-------- Data to examine

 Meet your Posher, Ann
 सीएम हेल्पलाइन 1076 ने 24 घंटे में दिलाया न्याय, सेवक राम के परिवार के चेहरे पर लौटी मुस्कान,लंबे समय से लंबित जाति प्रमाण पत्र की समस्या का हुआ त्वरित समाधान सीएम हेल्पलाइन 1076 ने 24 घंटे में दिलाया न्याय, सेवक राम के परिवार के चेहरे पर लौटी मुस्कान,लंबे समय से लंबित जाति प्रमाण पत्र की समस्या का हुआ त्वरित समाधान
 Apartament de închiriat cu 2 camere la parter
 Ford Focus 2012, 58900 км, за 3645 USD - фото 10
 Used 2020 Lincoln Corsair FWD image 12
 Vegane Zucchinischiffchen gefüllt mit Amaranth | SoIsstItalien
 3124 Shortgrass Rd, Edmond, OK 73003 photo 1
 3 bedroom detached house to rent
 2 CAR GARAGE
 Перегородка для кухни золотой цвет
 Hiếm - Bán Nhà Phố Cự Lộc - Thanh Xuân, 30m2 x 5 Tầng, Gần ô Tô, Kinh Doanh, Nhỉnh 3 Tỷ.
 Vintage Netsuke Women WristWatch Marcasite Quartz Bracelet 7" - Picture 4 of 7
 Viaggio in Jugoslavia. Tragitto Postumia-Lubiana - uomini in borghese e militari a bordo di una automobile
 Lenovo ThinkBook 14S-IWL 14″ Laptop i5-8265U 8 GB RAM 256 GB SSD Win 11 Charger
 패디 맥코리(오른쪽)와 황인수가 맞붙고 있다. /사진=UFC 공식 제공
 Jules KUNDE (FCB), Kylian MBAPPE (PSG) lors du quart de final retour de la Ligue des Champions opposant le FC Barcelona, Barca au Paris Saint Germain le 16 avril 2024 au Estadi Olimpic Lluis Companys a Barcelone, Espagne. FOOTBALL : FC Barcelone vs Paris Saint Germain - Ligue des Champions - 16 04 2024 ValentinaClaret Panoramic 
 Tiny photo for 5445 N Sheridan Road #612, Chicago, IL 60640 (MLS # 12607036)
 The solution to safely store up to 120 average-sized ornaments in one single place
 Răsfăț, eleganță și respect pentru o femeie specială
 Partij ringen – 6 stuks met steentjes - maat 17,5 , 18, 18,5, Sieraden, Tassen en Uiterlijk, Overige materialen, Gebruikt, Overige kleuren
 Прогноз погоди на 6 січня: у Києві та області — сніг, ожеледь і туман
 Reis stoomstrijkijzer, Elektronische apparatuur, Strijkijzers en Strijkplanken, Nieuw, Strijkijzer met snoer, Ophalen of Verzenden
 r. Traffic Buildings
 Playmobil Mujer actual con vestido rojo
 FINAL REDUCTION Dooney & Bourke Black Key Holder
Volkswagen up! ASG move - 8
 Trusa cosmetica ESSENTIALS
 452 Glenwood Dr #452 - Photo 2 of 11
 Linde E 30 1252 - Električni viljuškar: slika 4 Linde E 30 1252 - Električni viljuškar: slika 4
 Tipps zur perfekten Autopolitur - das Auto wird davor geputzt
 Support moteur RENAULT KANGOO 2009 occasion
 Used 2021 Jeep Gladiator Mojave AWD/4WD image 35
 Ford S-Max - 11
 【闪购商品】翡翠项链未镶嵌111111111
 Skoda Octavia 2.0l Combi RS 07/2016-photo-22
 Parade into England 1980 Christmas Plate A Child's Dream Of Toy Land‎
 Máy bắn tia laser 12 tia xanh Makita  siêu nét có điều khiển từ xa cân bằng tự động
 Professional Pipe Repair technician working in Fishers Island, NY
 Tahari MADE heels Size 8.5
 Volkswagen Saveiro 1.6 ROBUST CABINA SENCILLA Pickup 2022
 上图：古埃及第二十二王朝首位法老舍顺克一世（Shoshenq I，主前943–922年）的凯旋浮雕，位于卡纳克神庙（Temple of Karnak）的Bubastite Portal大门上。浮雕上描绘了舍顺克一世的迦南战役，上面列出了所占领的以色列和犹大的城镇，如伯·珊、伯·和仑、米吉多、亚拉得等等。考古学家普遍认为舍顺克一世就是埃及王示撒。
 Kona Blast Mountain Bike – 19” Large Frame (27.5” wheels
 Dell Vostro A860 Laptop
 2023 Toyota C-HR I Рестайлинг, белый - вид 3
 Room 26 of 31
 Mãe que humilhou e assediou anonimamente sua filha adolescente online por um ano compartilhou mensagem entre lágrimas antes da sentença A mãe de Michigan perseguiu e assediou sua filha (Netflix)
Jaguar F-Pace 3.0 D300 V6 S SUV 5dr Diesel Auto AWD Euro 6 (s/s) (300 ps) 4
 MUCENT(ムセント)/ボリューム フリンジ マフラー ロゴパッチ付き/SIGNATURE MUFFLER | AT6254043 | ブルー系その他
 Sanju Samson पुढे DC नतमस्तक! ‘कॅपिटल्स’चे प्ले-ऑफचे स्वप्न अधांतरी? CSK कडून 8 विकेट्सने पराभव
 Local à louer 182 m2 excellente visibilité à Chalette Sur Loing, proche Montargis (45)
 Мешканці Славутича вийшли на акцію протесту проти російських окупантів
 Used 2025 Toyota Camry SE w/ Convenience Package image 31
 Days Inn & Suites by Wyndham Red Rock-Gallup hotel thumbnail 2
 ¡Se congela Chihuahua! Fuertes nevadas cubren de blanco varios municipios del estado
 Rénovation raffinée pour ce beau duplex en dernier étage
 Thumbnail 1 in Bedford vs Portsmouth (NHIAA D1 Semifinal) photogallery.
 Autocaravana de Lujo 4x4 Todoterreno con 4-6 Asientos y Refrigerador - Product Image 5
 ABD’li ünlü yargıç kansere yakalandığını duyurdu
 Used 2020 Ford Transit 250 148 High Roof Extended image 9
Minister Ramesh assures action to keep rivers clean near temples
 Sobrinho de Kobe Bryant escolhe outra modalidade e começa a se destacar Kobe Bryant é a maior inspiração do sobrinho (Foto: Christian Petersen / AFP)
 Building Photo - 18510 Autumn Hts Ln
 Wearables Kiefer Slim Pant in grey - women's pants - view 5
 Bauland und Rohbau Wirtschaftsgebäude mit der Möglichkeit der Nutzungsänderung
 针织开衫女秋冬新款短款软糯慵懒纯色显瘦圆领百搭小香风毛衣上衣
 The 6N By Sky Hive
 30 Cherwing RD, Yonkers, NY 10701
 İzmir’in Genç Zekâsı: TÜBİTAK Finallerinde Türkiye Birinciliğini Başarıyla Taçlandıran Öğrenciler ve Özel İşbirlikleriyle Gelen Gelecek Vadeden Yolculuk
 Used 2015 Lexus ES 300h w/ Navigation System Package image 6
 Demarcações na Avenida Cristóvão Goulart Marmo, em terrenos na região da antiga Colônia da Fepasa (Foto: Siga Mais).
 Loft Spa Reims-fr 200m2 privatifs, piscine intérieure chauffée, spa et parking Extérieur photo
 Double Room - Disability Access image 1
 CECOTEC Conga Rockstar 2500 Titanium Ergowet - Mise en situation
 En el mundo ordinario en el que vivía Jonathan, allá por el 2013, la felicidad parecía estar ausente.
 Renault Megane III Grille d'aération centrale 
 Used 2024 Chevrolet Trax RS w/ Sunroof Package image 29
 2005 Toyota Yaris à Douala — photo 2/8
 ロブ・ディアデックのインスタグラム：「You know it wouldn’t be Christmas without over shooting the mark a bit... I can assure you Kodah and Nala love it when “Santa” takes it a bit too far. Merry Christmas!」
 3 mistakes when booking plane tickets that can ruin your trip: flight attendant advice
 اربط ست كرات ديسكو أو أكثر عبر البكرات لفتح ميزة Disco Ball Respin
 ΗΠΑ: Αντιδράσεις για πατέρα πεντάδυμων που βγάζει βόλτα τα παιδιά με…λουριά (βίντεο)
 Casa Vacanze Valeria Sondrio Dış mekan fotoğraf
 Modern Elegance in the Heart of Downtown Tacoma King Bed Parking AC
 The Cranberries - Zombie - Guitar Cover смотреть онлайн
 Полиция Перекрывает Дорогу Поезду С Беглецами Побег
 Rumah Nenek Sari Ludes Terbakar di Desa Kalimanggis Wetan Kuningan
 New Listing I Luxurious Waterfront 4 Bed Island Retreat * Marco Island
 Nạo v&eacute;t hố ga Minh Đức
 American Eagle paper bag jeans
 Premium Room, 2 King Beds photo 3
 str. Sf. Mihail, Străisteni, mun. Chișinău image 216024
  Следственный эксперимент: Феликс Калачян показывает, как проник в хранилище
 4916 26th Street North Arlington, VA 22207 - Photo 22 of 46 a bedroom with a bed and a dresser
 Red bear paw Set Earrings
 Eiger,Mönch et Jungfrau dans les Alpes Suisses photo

----------------

Problem requirements ▸ Set down, exactly as they appear, the lines above from the first one to the line that holds "Перегородка для кухни золотой цвет", both included, please, and no others.

Answer ▸
 Meet your Posher, Ann
 सीएम हेल्पलाइन 1076 ने 24 घंटे में दिलाया न्याय, सेवक राम के परिवार के चेहरे पर लौटी मुस्कान,लंबे समय से लंबित जाति प्रमाण पत्र की समस्या का हुआ त्वरित समाधान सीएम हेल्पलाइन 1076 ने 24 घंटे में दिलाया न्याय, सेवक राम के परिवार के चेहरे पर लौटी मुस्कान,लंबे समय से लंबित जाति प्रमाण पत्र की समस्या का हुआ त्वरित समाधान
 Apartament de închiriat cu 2 camere la parter
 Ford Focus 2012, 58900 км, за 3645 USD - фото 10
 Used 2020 Lincoln Corsair FWD image 12
 Vegane Zucchinischiffchen gefüllt mit Amaranth | SoIsstItalien
 3124 Shortgrass Rd, Edmond, OK 73003 photo 1
 3 bedroom detached house to rent
 2 CAR GARAGE
 Перегородка для кухни золотой цвет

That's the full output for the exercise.